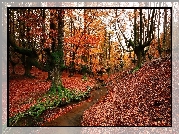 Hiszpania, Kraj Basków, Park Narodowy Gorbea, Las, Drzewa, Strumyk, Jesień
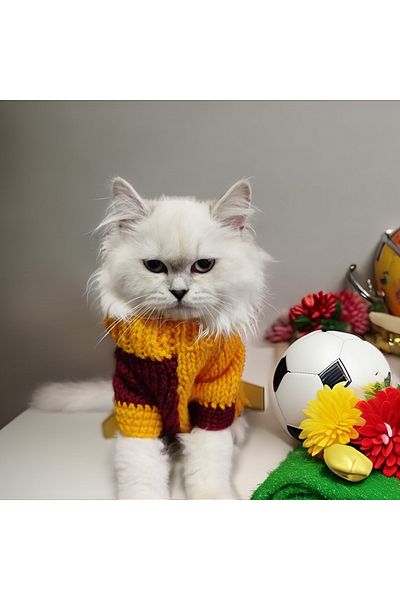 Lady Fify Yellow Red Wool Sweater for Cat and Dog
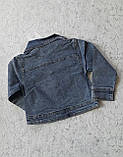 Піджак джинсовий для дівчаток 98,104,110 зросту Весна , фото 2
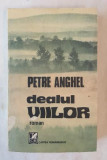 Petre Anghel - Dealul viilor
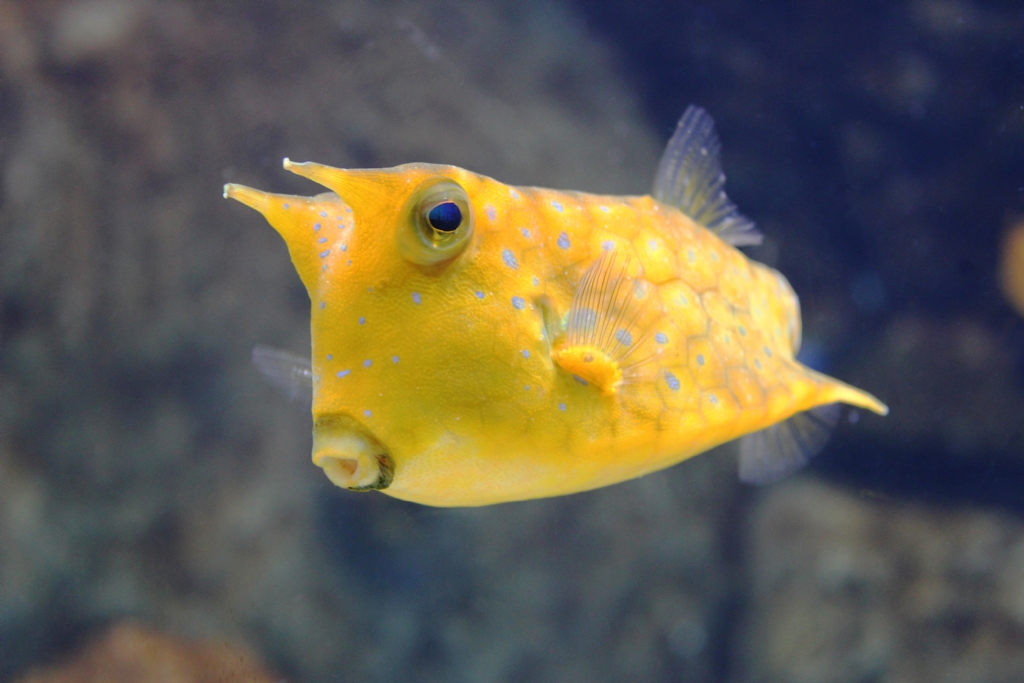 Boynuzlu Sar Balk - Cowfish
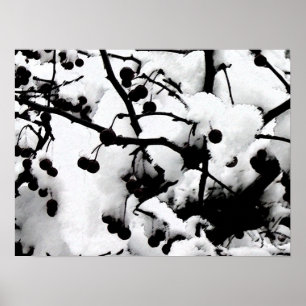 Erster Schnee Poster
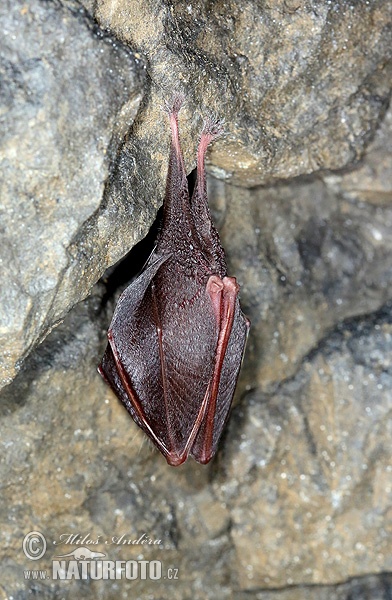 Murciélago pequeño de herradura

---

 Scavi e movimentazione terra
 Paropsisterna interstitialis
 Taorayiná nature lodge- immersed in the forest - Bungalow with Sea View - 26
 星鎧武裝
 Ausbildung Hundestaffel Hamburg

DESCRIPTION OF THE TASK: Beginning with the line that contains "Піджак джинсовий для" and ending with the line that contains "Murciélago pequeño de herradura", reproduce the listing exactly, pictures excluded.

COMPLETED EXERCISE:
 Піджак джинсовий для дівчаток 98,104,110 зросту Весна , фото 2
 Petre Anghel - Dealul viilor
 Boynuzlu Sar Balk - Cowfish
 Erster Schnee Poster
 Murciélago pequeño de herradura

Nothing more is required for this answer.